AIM OF THE TASK: Among the entries below, only the lines starting at the one with "What's up LiveLean" and ending at the one with "The residences at", both included, are to be printed exactly.

(Stored data)

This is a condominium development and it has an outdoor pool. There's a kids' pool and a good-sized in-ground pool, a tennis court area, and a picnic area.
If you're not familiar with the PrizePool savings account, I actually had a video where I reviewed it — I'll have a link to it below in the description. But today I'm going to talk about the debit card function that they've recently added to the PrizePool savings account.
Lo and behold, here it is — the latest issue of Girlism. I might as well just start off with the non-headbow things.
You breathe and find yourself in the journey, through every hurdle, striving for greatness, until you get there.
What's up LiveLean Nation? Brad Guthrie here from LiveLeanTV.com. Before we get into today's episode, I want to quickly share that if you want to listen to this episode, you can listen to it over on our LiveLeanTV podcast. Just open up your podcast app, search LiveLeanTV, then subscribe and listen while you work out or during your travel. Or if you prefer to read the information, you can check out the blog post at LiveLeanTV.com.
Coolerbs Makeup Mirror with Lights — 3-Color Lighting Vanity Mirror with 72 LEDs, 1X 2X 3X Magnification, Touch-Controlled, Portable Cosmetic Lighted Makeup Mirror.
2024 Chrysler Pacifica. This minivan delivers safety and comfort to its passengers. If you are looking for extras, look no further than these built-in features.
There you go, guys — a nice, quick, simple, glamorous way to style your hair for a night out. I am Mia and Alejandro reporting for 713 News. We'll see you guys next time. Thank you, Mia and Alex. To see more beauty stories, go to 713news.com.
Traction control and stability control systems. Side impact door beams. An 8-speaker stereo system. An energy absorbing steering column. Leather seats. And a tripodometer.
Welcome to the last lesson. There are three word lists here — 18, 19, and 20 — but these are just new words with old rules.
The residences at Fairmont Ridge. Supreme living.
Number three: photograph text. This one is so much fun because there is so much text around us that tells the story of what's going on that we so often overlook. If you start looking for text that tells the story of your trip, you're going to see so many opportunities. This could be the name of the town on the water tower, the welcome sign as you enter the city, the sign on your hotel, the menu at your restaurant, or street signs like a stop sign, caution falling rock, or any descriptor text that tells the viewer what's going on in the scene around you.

ANSWER AREA:
What's up LiveLean Nation? Brad Guthrie here from LiveLeanTV.com. Before we get into today's episode, I want to quickly share that if you want to listen to this episode, you can listen to it over on our LiveLeanTV podcast. Just open up your podcast app, search LiveLeanTV, then subscribe and listen while you work out or during your travel. Or if you prefer to read the information, you can check out the blog post at LiveLeanTV.com.
Coolerbs Makeup Mirror with Lights — 3-Color Lighting Vanity Mirror with 72 LEDs, 1X 2X 3X Magnification, Touch-Controlled, Portable Cosmetic Lighted Makeup Mirror.
2024 Chrysler Pacifica. This minivan delivers safety and comfort to its passengers. If you are looking for extras, look no further than these built-in features.
There you go, guys — a nice, quick, simple, glamorous way to style your hair for a night out. I am Mia and Alejandro reporting for 713 News. We'll see you guys next time. Thank you, Mia and Alex. To see more beauty stories, go to 713news.com.
Traction control and stability control systems. Side impact door beams. An 8-speaker stereo system. An energy absorbing steering column. Leather seats. And a tripodometer.
Welcome to the last lesson. There are three word lists here — 18, 19, and 20 — but these are just new words with old rules.
The residences at Fairmont Ridge. Supreme living.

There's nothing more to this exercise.